La frase “E’ di tutti, dunque non è di nessuno” ha avuto da sempre grande successo nell’Italia dello scaricabarile e dell’individualismo spinto, originando comportamenti di indifferenza sociale o di appropriazione indebita, a seconda dei casi. Dagli appartamenti occupati nelle case popolari alla devastazione delle zone verdi lasciate a se stesse, la casistica è ricca di storie in cui alla presa in carico di ciò che è abbandonato si è preferita la via della noncuranza, del degrado e dell’oblio.
Ora qualcosa sta cambiando, per scelta e per necessità. Dalle grandi città ai piccoli paesi, sul territorio crescono piani di rigenerazione sociale. Non passa giorno, infatti, che non arrivi notizia di buone pratiche sul fronte dei cosiddetti “beni comuni”: immobili, ferrovie, fabbricati, boschi che dal nulla diventano improvvisamente patrimonio per la comunità, pronta a mobilitarsi per salvare realtà altrimenti a rischio.
È uno scenario inedito per la penisola, che ancora non ha fatto un vero e proprio censimento delle opere inutilizzate che pure servirebbero agli italiani, tanto più in una fase storica come questa in cui si assiste a un silenzioso ripiegamento della proprietà privata.
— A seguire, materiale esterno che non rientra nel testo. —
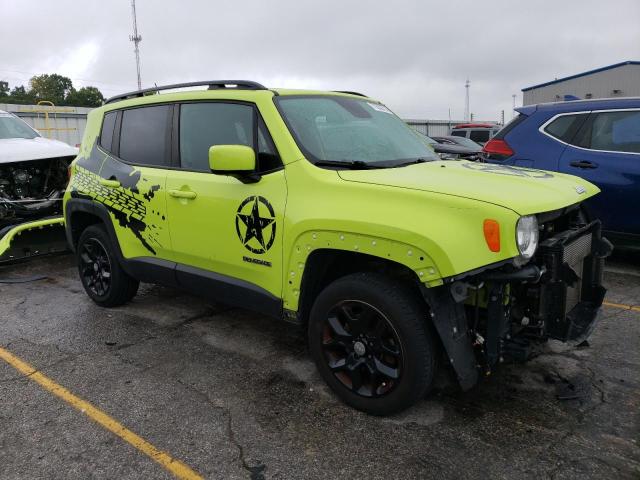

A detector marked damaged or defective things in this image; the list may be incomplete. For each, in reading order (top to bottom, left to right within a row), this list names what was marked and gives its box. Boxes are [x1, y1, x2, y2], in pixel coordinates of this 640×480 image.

damaged front end [0, 157, 73, 262]
cracked asphalt [0, 253, 636, 478]
damaged front end [422, 206, 612, 390]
Sono storie di cittadini che si attivano, di gruppi di pressione che si autorganizzano e perseguono interessi generali, di cooperative e associazioni che non ragionano più semplicemente per logiche d’appalto o di concessione, ma hanno l’ambizione di operare in una dimensione paritetica rispetto al pubblico, non essendo “altro” rispetto alle comunità da cui provengono.
Storie che, in sintesi, hanno un impatto sociale sul territorio, perché insistono sulla coscienza civile dei suoi abitanti.